[Problem details] With all pictures omitted, return verbatim the lines from the beginning of the records below through the line containing "Step 1. Click".

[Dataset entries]
○ ○ ○

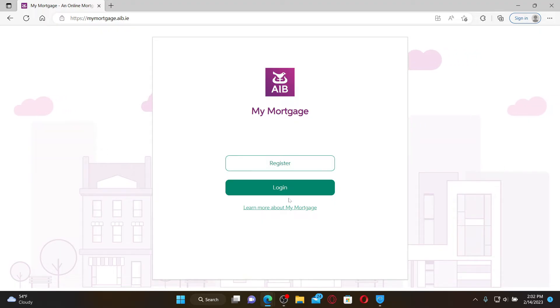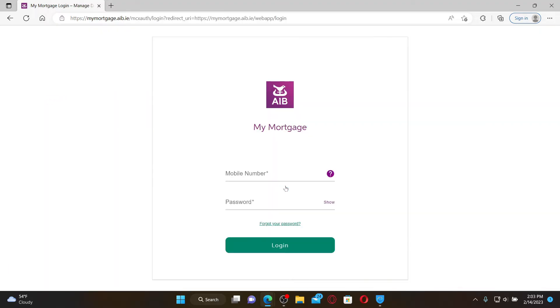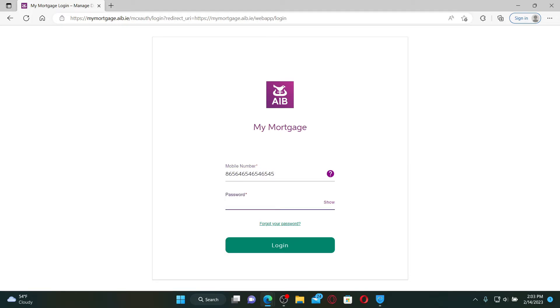To access your AIB mortgage account, you'll need your mobile number along with your password. Type in a valid mobile number in the first text box, and on the next field type in the password that you created while creating a new account for AIB mortgage. If you don't remember your password during login and you don't know what to do next, all you need to do is click on this forgot your password link.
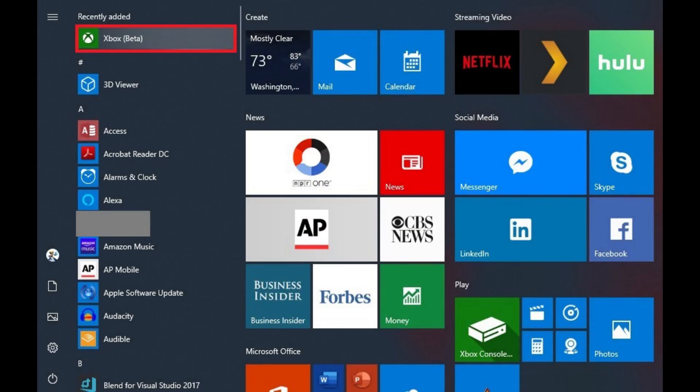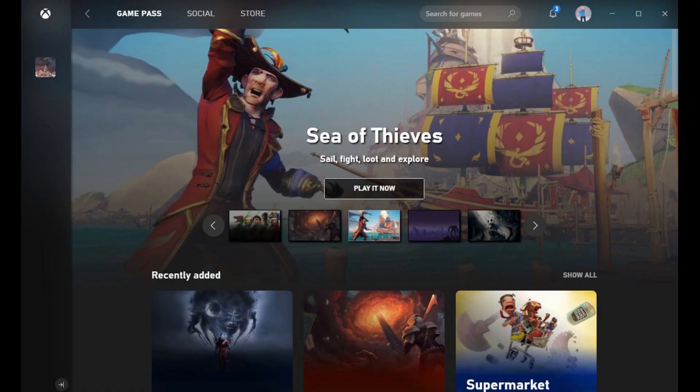Step 1. Click the Windows Start menu icon to open the Start menu. Locate the Xbox app in the list, and then click to launch the Xbox app. Your Xbox Game Pass for PC home screen appears.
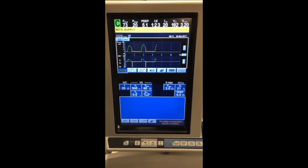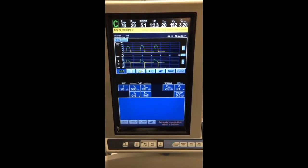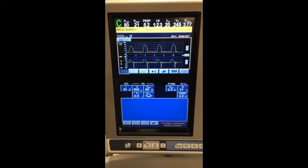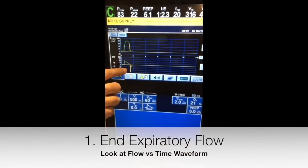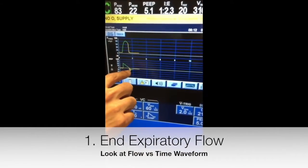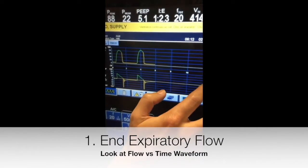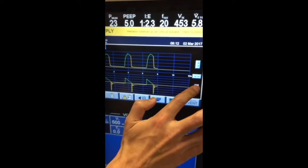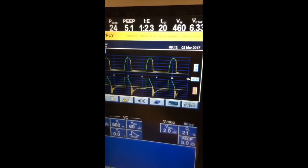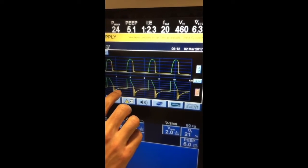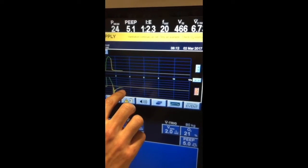In a patient with obstructive lung disease, when you're trying to figure out if they're potentially auto-peeping, there are three ways to do this. The first is by looking at the flow versus time and trying to see if the expiratory flow actually reaches zero. Sometimes it's hard to see unless you magnify it, so it's worthwhile magnifying the flow curve to see if there's actually flow reaching zero by the time the next breath gets triggered.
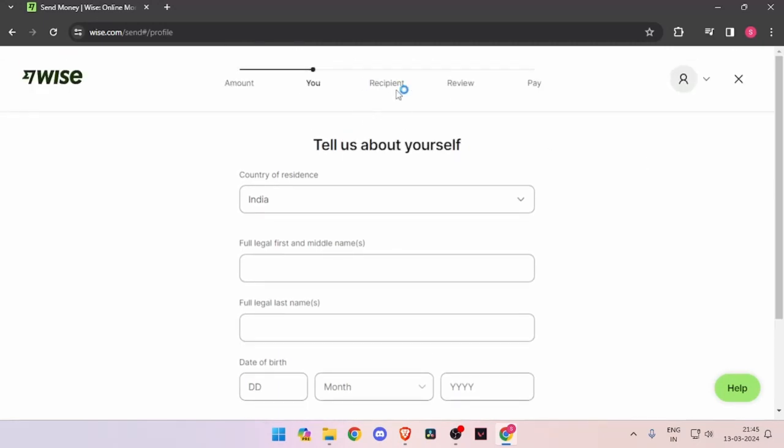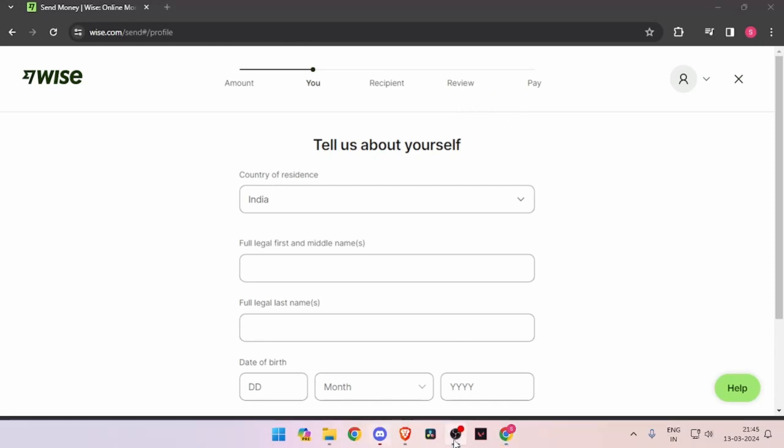Now it will ask you the recipient details. Then you have to review the payment. And at last, you will be able to pay the amount.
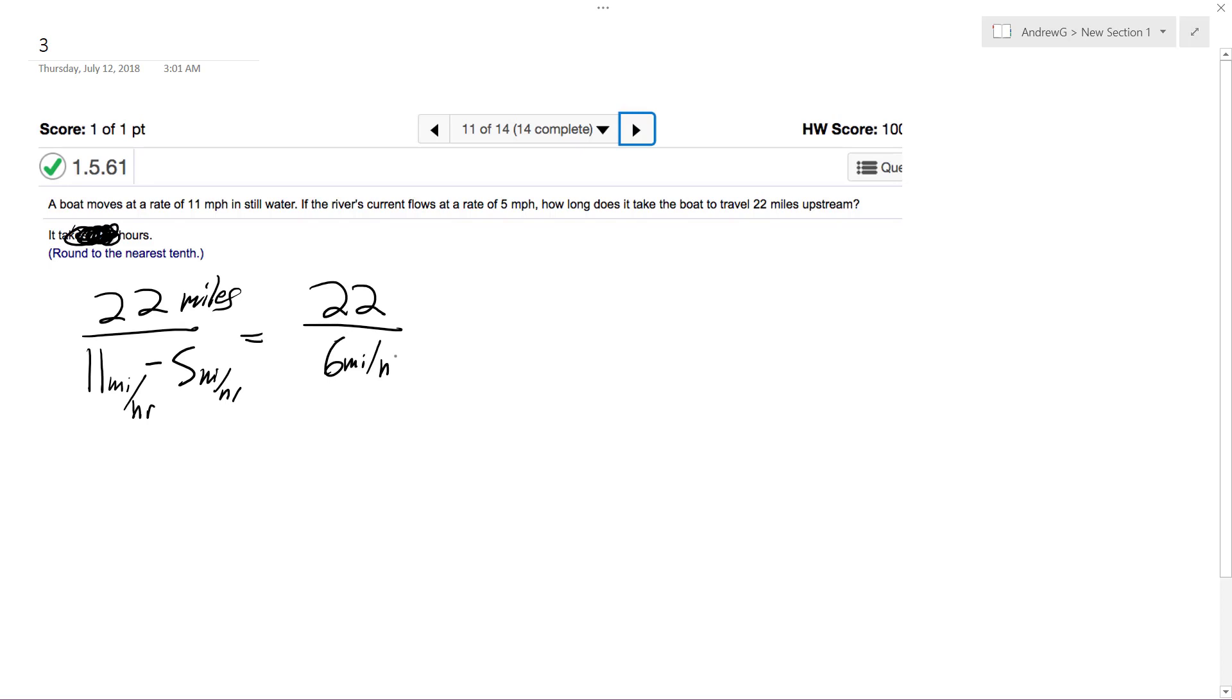And roughly 22 divided by 6 is equal to 3.666 repeating, or if you round to the nearest tenth, that's 3.7 hours.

○ ○ ○

[Output for this exercise]
To access your AIB mortgage account, you'll need your mobile number along with your password. Type in a valid mobile number in the first text box, and on the next field type in the password that you created while creating a new account for AIB mortgage. If you don't remember your password during login and you don't know what to do next, all you need to do is click on this forgot your password link.
Step 1. Click the Windows Start menu icon to open the Start menu. Locate the Xbox app in the list, and then click to launch the Xbox app. Your Xbox Game Pass for PC home screen appears.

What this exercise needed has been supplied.